# Data provided
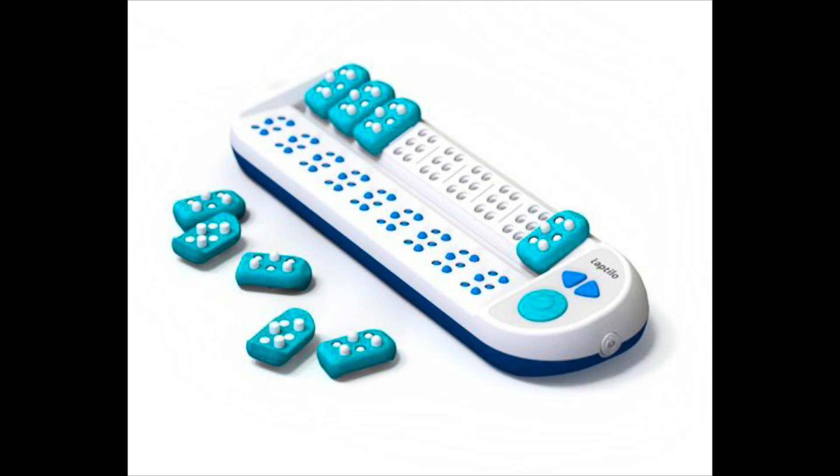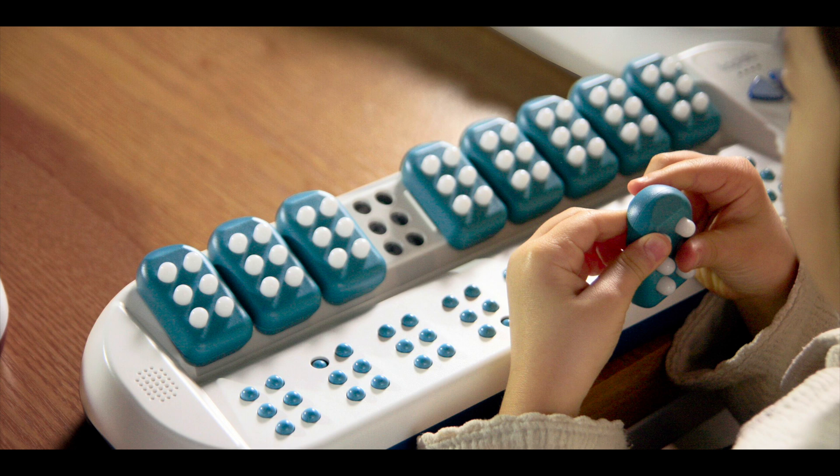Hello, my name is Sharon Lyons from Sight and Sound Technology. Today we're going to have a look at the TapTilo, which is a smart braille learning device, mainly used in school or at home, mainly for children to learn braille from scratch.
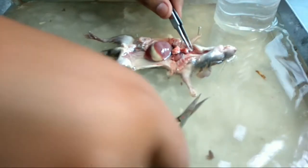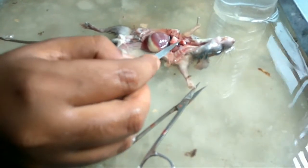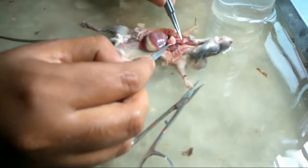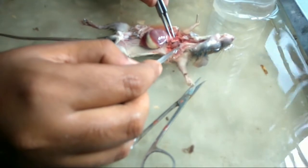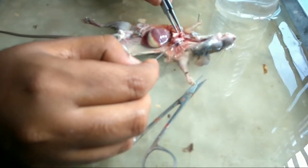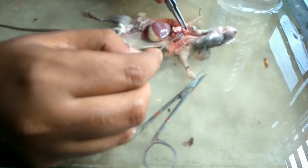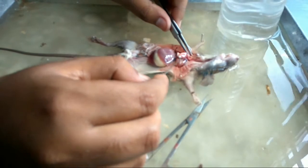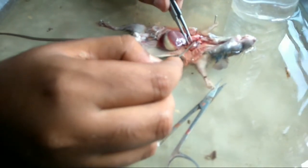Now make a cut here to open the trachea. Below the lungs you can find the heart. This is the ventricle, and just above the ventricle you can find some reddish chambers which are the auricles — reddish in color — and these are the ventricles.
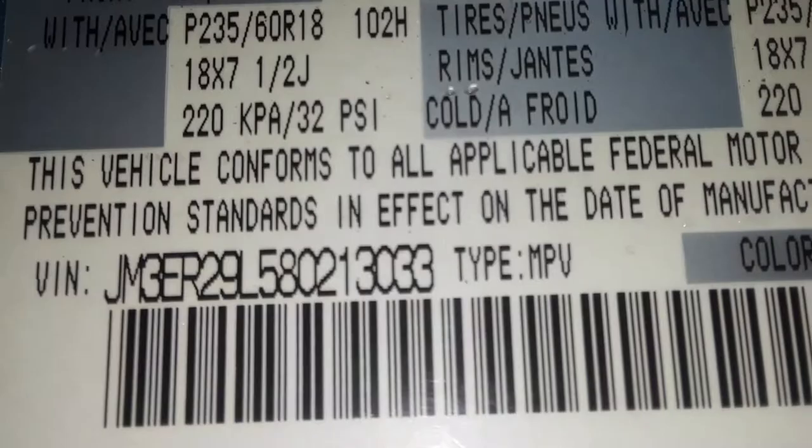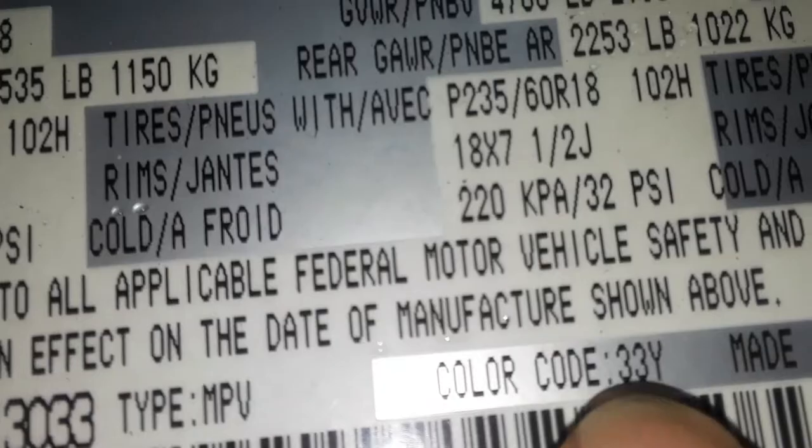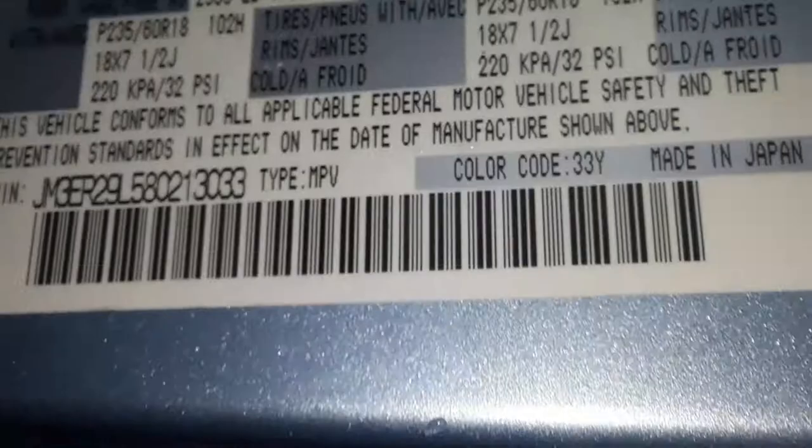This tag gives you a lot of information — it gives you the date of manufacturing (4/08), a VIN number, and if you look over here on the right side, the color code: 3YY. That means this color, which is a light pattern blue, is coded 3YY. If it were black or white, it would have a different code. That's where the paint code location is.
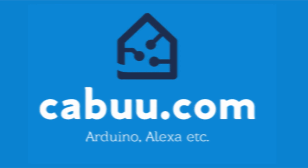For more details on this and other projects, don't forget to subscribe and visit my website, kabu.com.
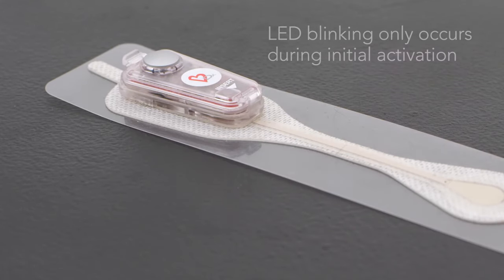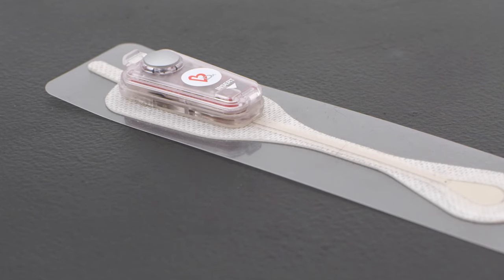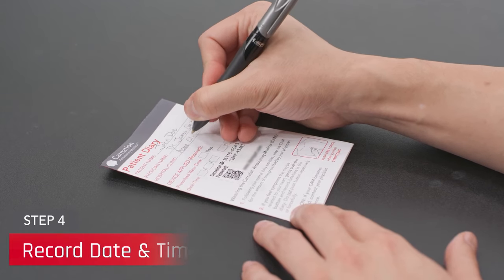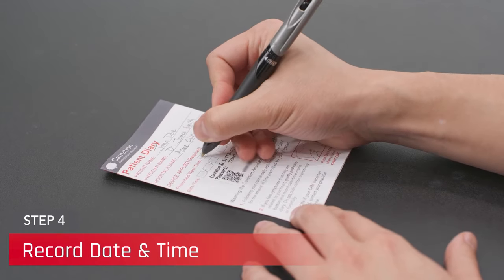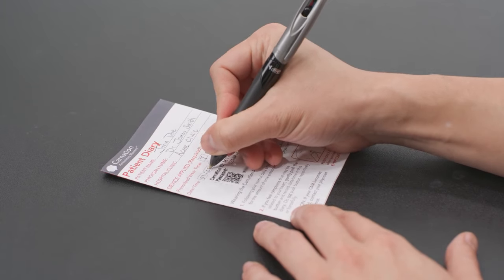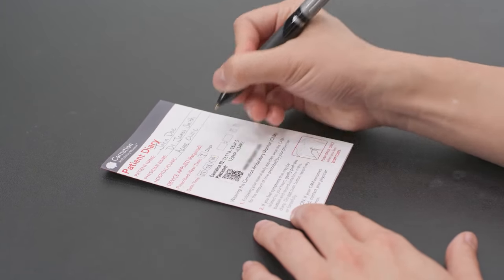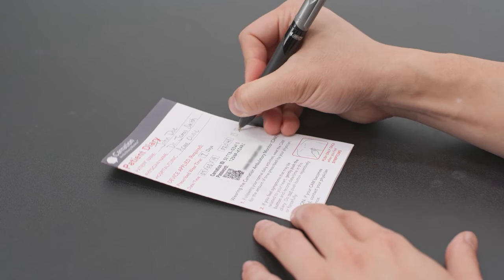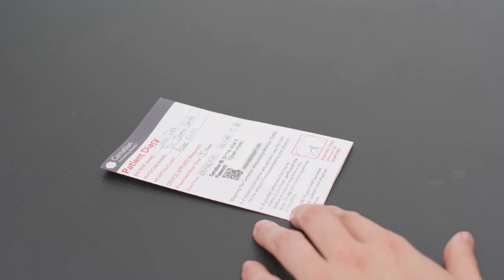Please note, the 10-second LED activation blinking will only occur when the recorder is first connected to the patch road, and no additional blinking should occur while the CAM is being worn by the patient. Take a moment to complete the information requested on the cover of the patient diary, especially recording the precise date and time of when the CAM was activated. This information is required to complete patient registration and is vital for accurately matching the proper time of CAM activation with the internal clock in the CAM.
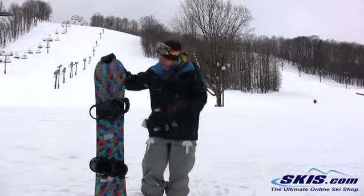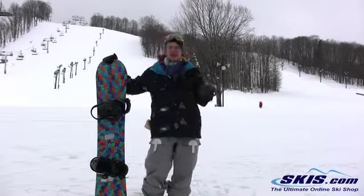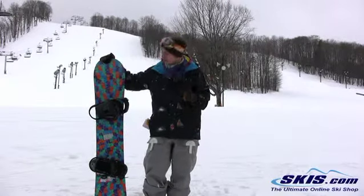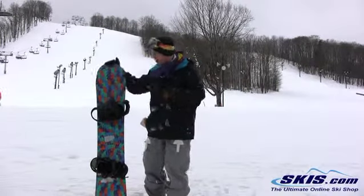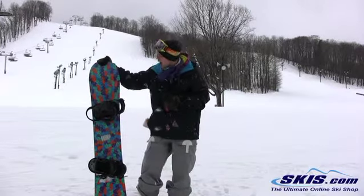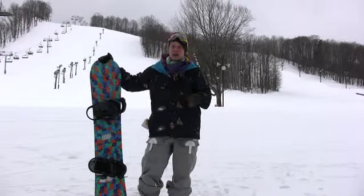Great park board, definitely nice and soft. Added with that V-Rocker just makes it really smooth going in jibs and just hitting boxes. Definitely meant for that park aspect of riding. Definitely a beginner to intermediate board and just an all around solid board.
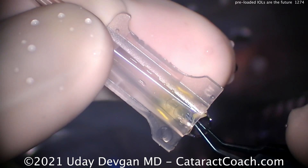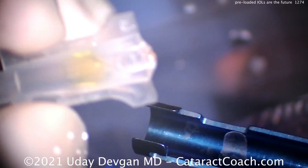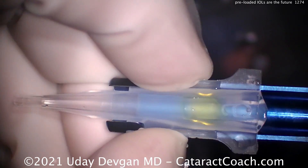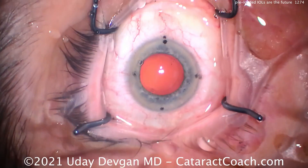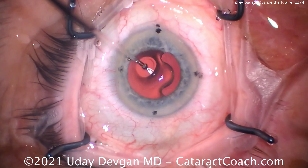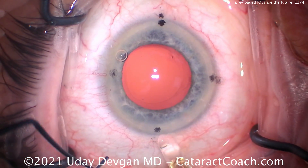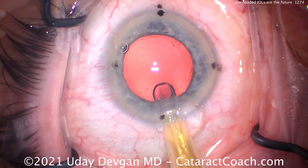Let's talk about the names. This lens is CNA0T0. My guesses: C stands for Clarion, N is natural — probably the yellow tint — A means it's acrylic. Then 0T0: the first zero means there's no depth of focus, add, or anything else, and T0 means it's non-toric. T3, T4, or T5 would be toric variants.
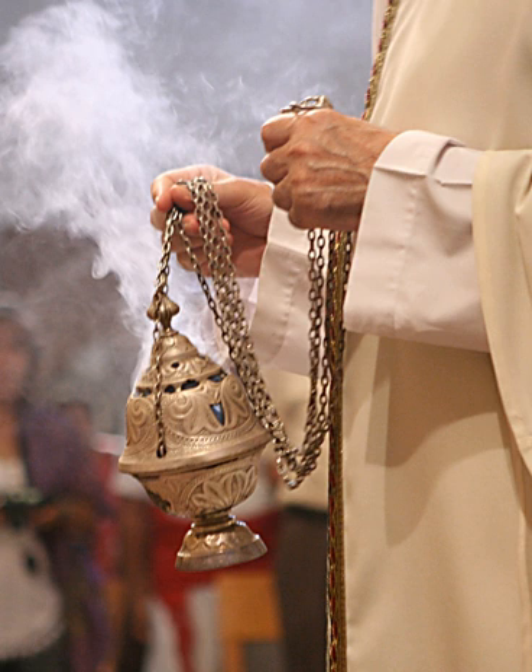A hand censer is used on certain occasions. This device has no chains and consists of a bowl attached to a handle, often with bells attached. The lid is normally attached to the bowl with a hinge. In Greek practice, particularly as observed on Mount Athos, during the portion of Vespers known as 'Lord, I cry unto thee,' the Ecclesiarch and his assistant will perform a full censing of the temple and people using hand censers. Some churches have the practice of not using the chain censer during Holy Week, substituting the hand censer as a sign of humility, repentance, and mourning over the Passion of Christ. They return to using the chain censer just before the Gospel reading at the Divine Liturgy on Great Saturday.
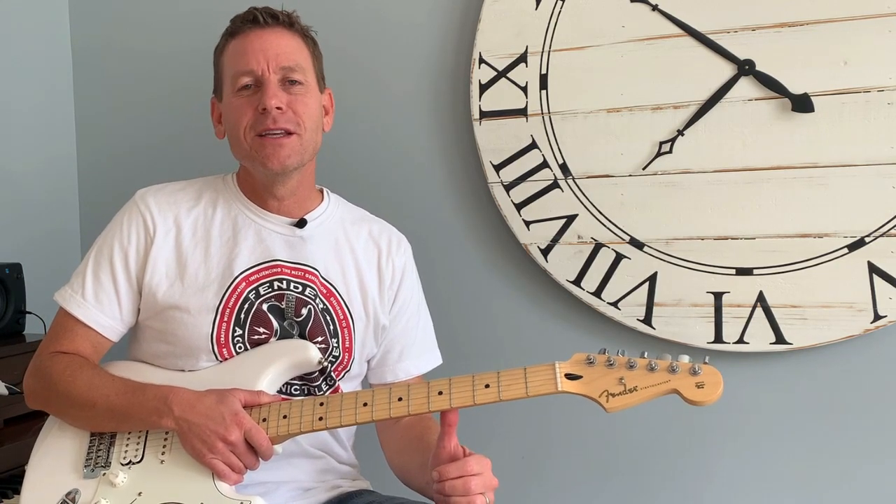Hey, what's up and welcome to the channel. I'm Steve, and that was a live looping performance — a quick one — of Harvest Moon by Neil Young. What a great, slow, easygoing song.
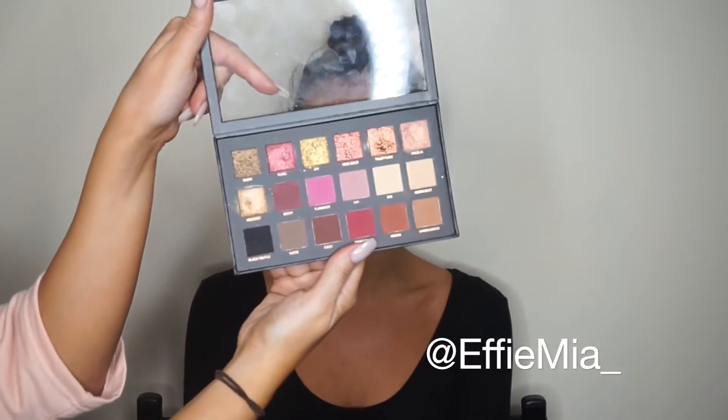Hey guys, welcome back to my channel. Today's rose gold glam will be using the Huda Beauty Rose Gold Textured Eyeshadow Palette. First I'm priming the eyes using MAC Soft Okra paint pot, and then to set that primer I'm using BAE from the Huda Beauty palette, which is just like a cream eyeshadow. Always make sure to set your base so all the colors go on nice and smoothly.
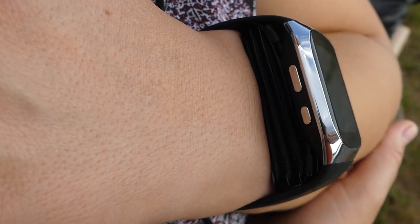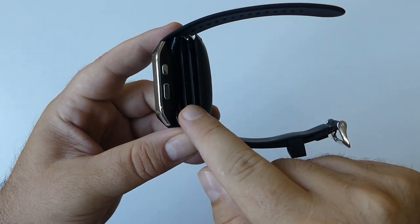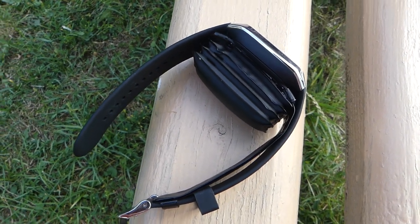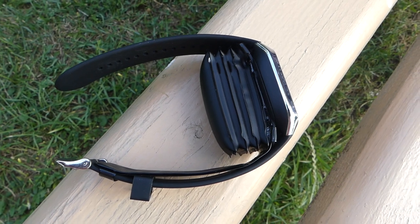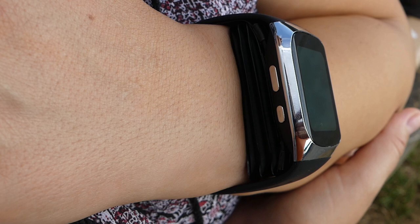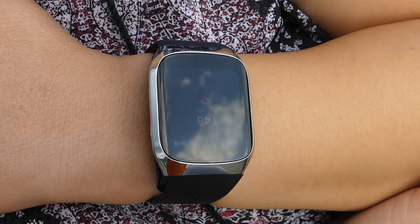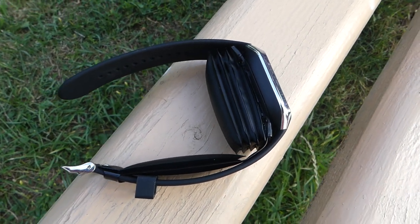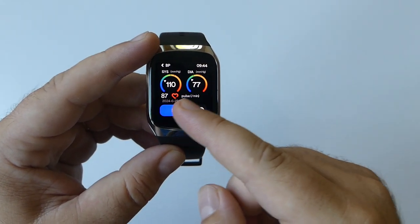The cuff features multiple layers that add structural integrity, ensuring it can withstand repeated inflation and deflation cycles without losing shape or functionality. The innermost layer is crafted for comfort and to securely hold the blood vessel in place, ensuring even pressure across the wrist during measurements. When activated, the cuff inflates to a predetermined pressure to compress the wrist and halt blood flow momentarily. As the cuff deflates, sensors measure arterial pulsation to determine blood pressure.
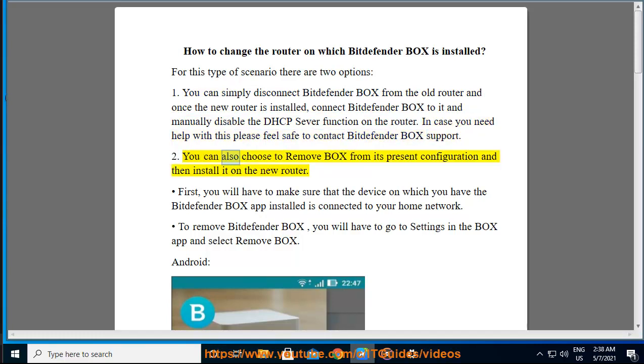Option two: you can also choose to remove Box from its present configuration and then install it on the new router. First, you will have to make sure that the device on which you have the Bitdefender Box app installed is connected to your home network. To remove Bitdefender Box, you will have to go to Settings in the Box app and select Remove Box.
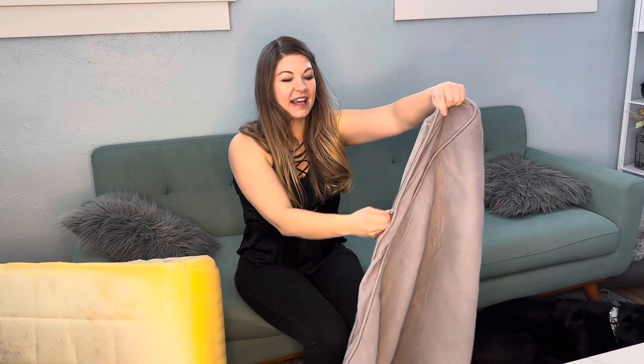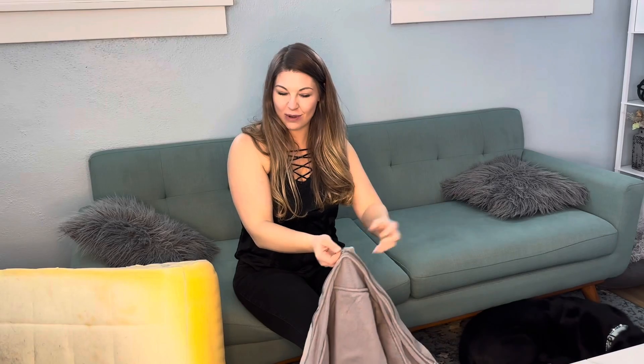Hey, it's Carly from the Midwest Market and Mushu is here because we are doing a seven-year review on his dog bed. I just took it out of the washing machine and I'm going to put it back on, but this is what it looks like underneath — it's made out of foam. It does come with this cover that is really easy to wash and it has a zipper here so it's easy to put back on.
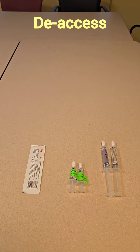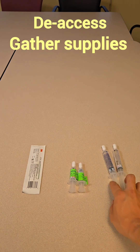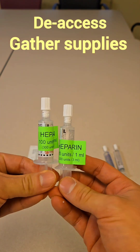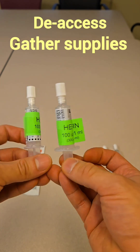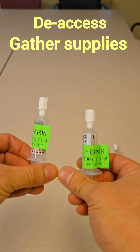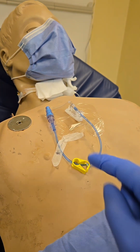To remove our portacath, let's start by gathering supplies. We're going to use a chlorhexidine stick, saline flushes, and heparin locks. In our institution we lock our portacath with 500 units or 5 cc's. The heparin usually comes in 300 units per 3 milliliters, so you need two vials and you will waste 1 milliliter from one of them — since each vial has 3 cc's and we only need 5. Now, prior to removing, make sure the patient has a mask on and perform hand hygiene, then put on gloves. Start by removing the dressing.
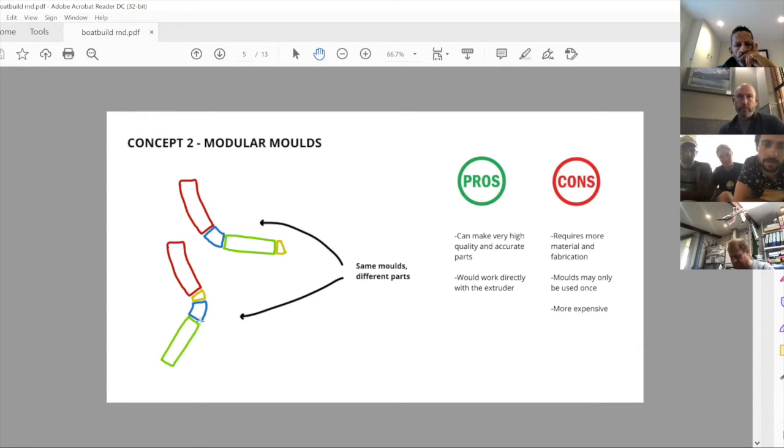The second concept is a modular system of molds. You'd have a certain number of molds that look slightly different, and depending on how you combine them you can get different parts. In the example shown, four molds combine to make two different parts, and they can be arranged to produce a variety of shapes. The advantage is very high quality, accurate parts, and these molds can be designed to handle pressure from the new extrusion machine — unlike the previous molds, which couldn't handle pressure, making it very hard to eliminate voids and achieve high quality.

# Goal of the exercise
Please copy the data above exactly; the pictures do not belong in the copy.

# Solution
Hello, my name is Sharon Lyons from Sight and Sound Technology. Today we're going to have a look at the TapTilo, which is a smart braille learning device, mainly used in school or at home, mainly for children to learn braille from scratch.
Now make a cut here to open the trachea. Below the lungs you can find the heart. This is the ventricle, and just above the ventricle you can find some reddish chambers which are the auricles — reddish in color — and these are the ventricles.
This tag gives you a lot of information — it gives you the date of manufacturing (4/08), a VIN number, and if you look over here on the right side, the color code: 3YY. That means this color, which is a light pattern blue, is coded 3YY. If it were black or white, it would have a different code. That's where the paint code location is.
For more details on this and other projects, don't forget to subscribe and visit my website, kabu.com.
Please note, the 10-second LED activation blinking will only occur when the recorder is first connected to the patch road, and no additional blinking should occur while the CAM is being worn by the patient. Take a moment to complete the information requested on the cover of the patient diary, especially recording the precise date and time of when the CAM was activated. This information is required to complete patient registration and is vital for accurately matching the proper time of CAM activation with the internal clock in the CAM.
Great park board, definitely nice and soft. Added with that V-Rocker just makes it really smooth going in jibs and just hitting boxes. Definitely meant for that park aspect of riding. Definitely a beginner to intermediate board and just an all around solid board.
Let's talk about the names. This lens is CNA0T0. My guesses: C stands for Clarion, N is natural — probably the yellow tint — A means it's acrylic. Then 0T0: the first zero means there's no depth of focus, add, or anything else, and T0 means it's non-toric. T3, T4, or T5 would be toric variants.
A hand censer is used on certain occasions. This device has no chains and consists of a bowl attached to a handle, often with bells attached. The lid is normally attached to the bowl with a hinge. In Greek practice, particularly as observed on Mount Athos, during the portion of Vespers known as 'Lord, I cry unto thee,' the Ecclesiarch and his assistant will perform a full censing of the temple and people using hand censers. Some churches have the practice of not using the chain censer during Holy Week, substituting the hand censer as a sign of humility, repentance, and mourning over the Passion of Christ. They return to using the chain censer just before the Gospel reading at the Divine Liturgy on Great Saturday.
Hey, what's up and welcome to the channel. I'm Steve, and that was a live looping performance — a quick one — of Harvest Moon by Neil Young. What a great, slow, easygoing song.
Hey guys, welcome back to my channel. Today's rose gold glam will be using the Huda Beauty Rose Gold Textured Eyeshadow Palette. First I'm priming the eyes using MAC Soft Okra paint pot, and then to set that primer I'm using BAE from the Huda Beauty palette, which is just like a cream eyeshadow. Always make sure to set your base so all the colors go on nice and smoothly.
The cuff features multiple layers that add structural integrity, ensuring it can withstand repeated inflation and deflation cycles without losing shape or functionality. The innermost layer is crafted for comfort and to securely hold the blood vessel in place, ensuring even pressure across the wrist during measurements. When activated, the cuff inflates to a predetermined pressure to compress the wrist and halt blood flow momentarily. As the cuff deflates, sensors measure arterial pulsation to determine blood pressure.
Option two: you can also choose to remove Box from its present configuration and then install it on the new router. First, you will have to make sure that the device on which you have the Bitdefender Box app installed is connected to your home network. To remove Bitdefender Box, you will have to go to Settings in the Box app and select Remove Box.
Hey, it's Carly from the Midwest Market and Mushu is here because we are doing a seven-year review on his dog bed. I just took it out of the washing machine and I'm going to put it back on, but this is what it looks like underneath — it's made out of foam. It does come with this cover that is really easy to wash and it has a zipper here so it's easy to put back on.
To remove our portacath, let's start by gathering supplies. We're going to use a chlorhexidine stick, saline flushes, and heparin locks. In our institution we lock our portacath with 500 units or 5 cc's. The heparin usually comes in 300 units per 3 milliliters, so you need two vials and you will waste 1 milliliter from one of them — since each vial has 3 cc's and we only need 5. Now, prior to removing, make sure the patient has a mask on and perform hand hygiene, then put on gloves. Start by removing the dressing.
The second concept is a modular system of molds. You'd have a certain number of molds that look slightly different, and depending on how you combine them you can get different parts. In the example shown, four molds combine to make two different parts, and they can be arranged to produce a variety of shapes. The advantage is very high quality, accurate parts, and these molds can be designed to handle pressure from the new extrusion machine — unlike the previous molds, which couldn't handle pressure, making it very hard to eliminate voids and achieve high quality.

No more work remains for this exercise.